Okay, so... one thing I didn't emphasize in this post is that this lets you write core Arc functions in Arc itself... Like cons, table, instring. Stuff like that. So here's my first partial crack at it:

  (def attr (x . args)
    (apply (annotate 'fn x) args))

  (def cons (x y)
    (annotate 'cons
      (fn (m)
        (case m
          'len (+ (len y) 1)
          'car x
          'cdr y))))

  (def car (x)
    (attr x 'car))

  (def cdr (x)
    (attr x 'cdr))

  (def table ()
    (let alist '((nil nil))
      (annotate 'table
        (fn (m k v)
          (case m
            'keys (map [car _] alist)
            'get (alist k v)
            'set (sref alist k v))))))

  (def keys (x)
    (attr (coerce x 'table) 'keys))

  (def len (x)
    (case type.x
      'cons  (attr x 'len)
      'table (len (keys x))))

  (def vals (x)
    (map [x _] (keys x)))

Note: this is assuming py-arc, and also assuming the message-passing idea.

It's untested, and py-arc doesn't actually support my idea (yet), so I might not be testing it anytime soon.
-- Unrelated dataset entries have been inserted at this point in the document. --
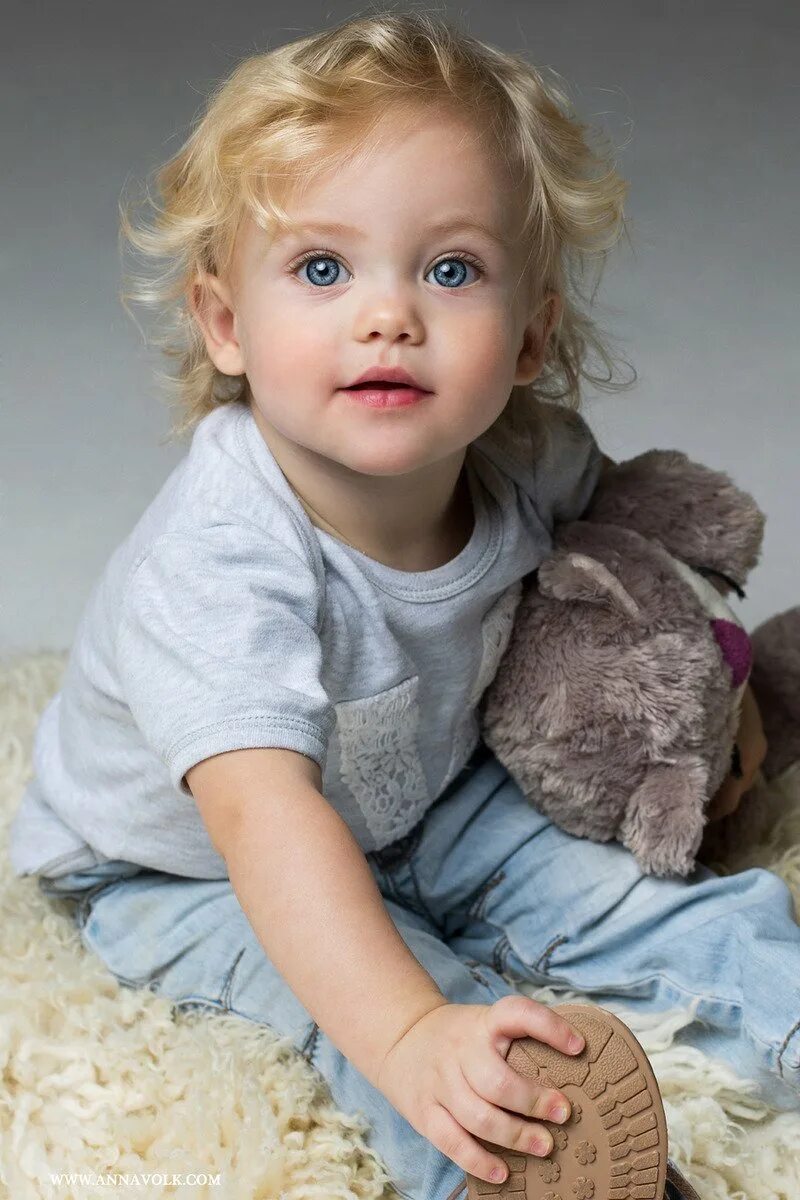 Таллия берк. Светленький кудрявый мальчик. Красивые детишки. Симпатичного ребенка. Красивые младенцы.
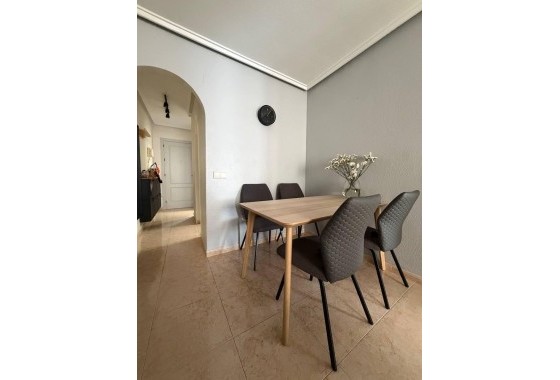 Revente - Appartement -
Torrevieja - Center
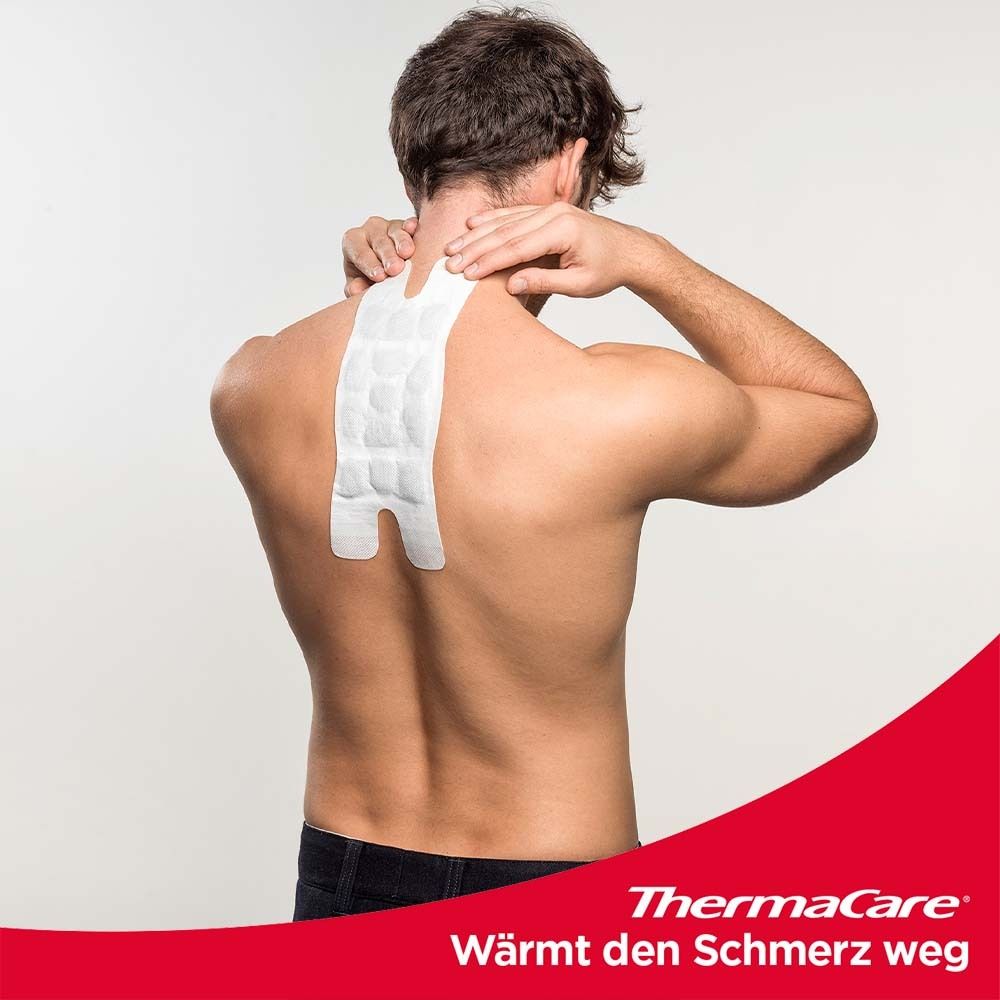 Mann mit Wärmepflaster auf dem Rücken. Pflaster weiß, rechteckig mit Aussparungen. ThermaCare® Logo unten rechts.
As such, there's probably bugs in it. But it should give you a taste of the power of this idea: the ability to define core datatypes in Arc itself, using only functions (no piggybacking!), but do so in a way that it's easy for user code to extend.

As a side note, what's with the attr function? Well, you see, when Arc sees (my-table 'foo) it expands it to (my-table 'get 'foo), so calling (my-table 'keys) doesn't work. But by annotating the table with type 'fn, you can get at the actual "hidden" attributes, like 'keys, 'get, and 'set. This means that (my-table 'keys) will never conflict with (my-tables 'get 'keys).

Also, I'll note that this is probably significantly slower than having these things defined in Racket, but that's okay. It's nice to know that Arc has the possibility to define them, even if they're defined in Racket (for the sake of performance).

-----

2 points by aw 5198 days ago | link

Yes, Arc should be hackable, so it's a good idea for people to be able to provide their own implementations in Arc for tables, streams, and so on.

-----